All entries are to be copied exactly, with pictures removed.

»»

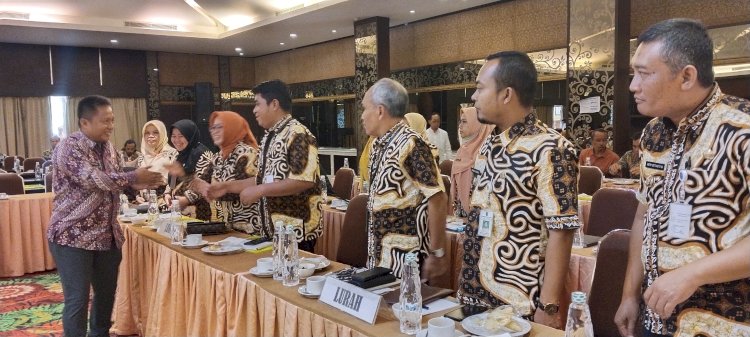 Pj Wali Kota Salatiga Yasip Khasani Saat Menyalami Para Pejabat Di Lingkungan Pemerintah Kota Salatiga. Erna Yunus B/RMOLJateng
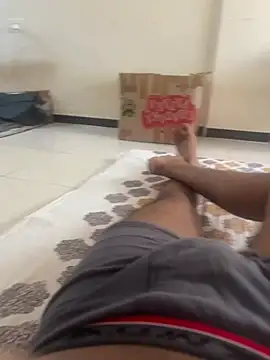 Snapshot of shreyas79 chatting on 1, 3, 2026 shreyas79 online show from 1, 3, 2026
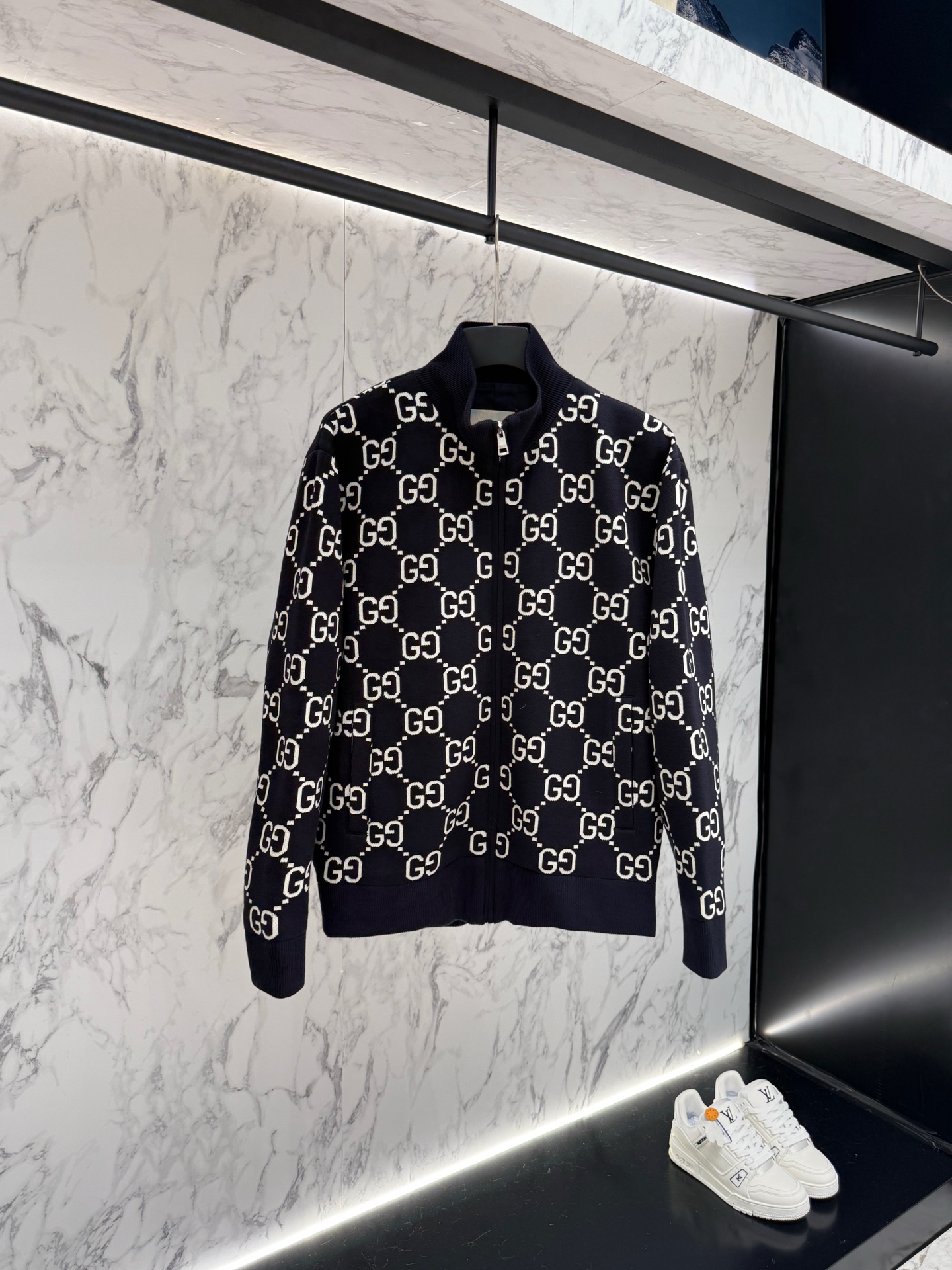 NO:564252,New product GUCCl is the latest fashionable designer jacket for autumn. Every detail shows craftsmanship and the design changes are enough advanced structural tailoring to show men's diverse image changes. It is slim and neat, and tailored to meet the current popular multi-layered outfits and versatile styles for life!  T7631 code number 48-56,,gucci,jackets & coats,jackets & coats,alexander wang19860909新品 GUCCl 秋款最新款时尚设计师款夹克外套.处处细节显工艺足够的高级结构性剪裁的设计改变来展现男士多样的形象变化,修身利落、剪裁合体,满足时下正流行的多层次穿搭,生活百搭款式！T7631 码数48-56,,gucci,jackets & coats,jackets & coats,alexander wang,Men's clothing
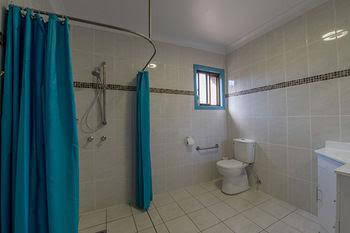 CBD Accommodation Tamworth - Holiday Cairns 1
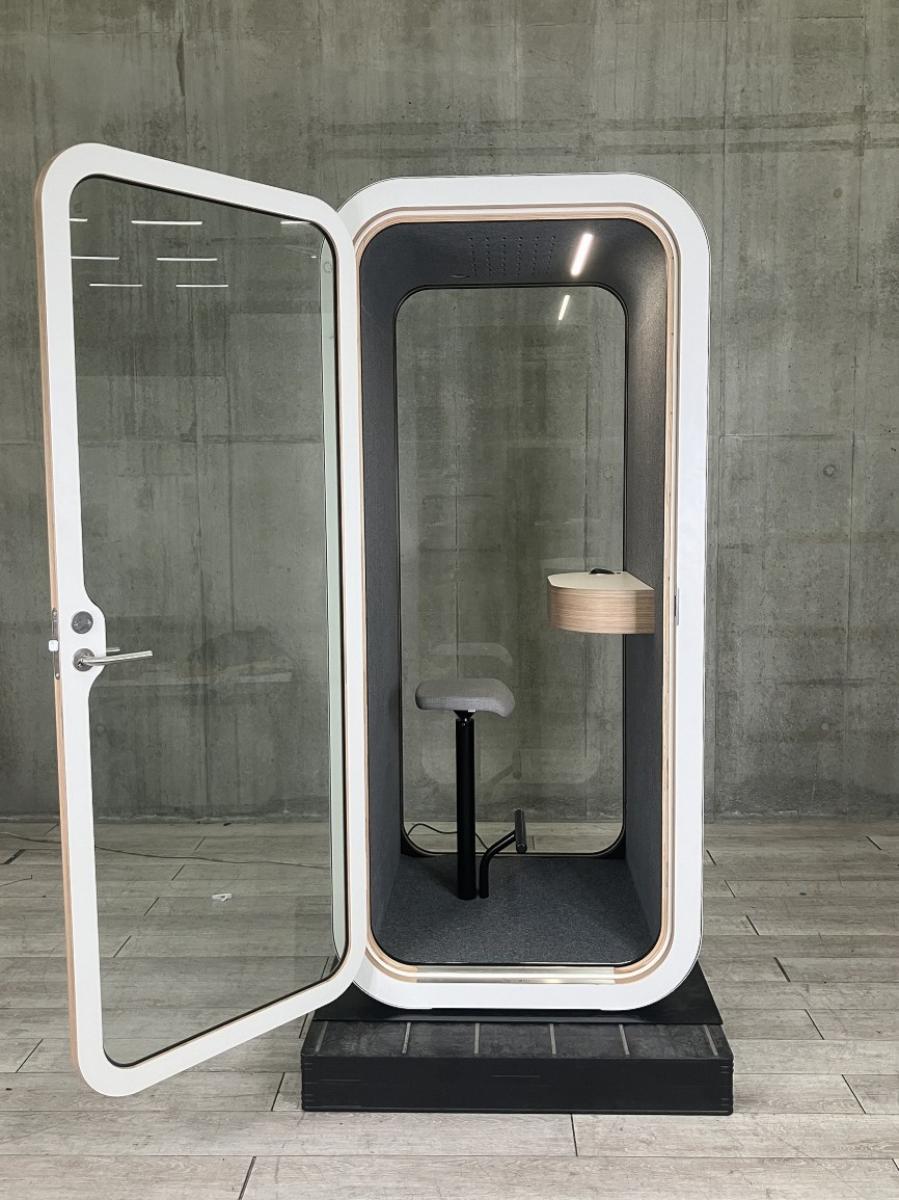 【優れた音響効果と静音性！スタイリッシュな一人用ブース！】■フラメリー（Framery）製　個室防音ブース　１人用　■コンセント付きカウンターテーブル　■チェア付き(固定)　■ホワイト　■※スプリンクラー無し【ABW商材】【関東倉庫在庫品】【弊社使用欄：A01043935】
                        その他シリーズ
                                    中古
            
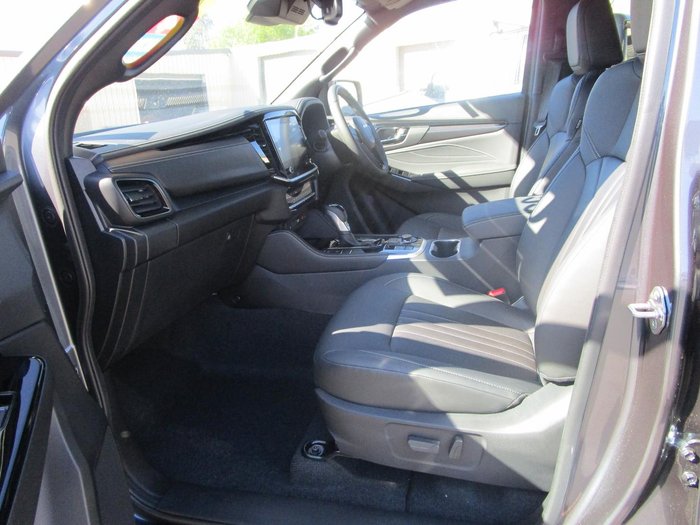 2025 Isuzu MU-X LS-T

««

> SOLUTION TO THIS PROBLEM:
 Pj Wali Kota Salatiga Yasip Khasani Saat Menyalami Para Pejabat Di Lingkungan Pemerintah Kota Salatiga. Erna Yunus B/RMOLJateng
 Snapshot of shreyas79 chatting on 1, 3, 2026 shreyas79 online show from 1, 3, 2026
 NO:564252,New product GUCCl is the latest fashionable designer jacket for autumn. Every detail shows craftsmanship and the design changes are enough advanced structural tailoring to show men's diverse image changes. It is slim and neat, and tailored to meet the current popular multi-layered outfits and versatile styles for life!  T7631 code number 48-56,,gucci,jackets & coats,jackets & coats,alexander wang19860909新品 GUCCl 秋款最新款时尚设计师款夹克外套.处处细节显工艺足够的高级结构性剪裁的设计改变来展现男士多样的形象变化,修身利落、剪裁合体,满足时下正流行的多层次穿搭,生活百搭款式！T7631 码数48-56,,gucci,jackets & coats,jackets & coats,alexander wang,Men's clothing
 CBD Accommodation Tamworth - Holiday Cairns 1
 【優れた音響効果と静音性！スタイリッシュな一人用ブース！】■フラメリー（Framery）製　個室防音ブース　１人用　■コンセント付きカウンターテーブル　■チェア付き(固定)　■ホワイト　■※スプリンクラー無し【ABW商材】【関東倉庫在庫品】【弊社使用欄：A01043935】
                        その他シリーズ
                                    中古
            
 2025 Isuzu MU-X LS-T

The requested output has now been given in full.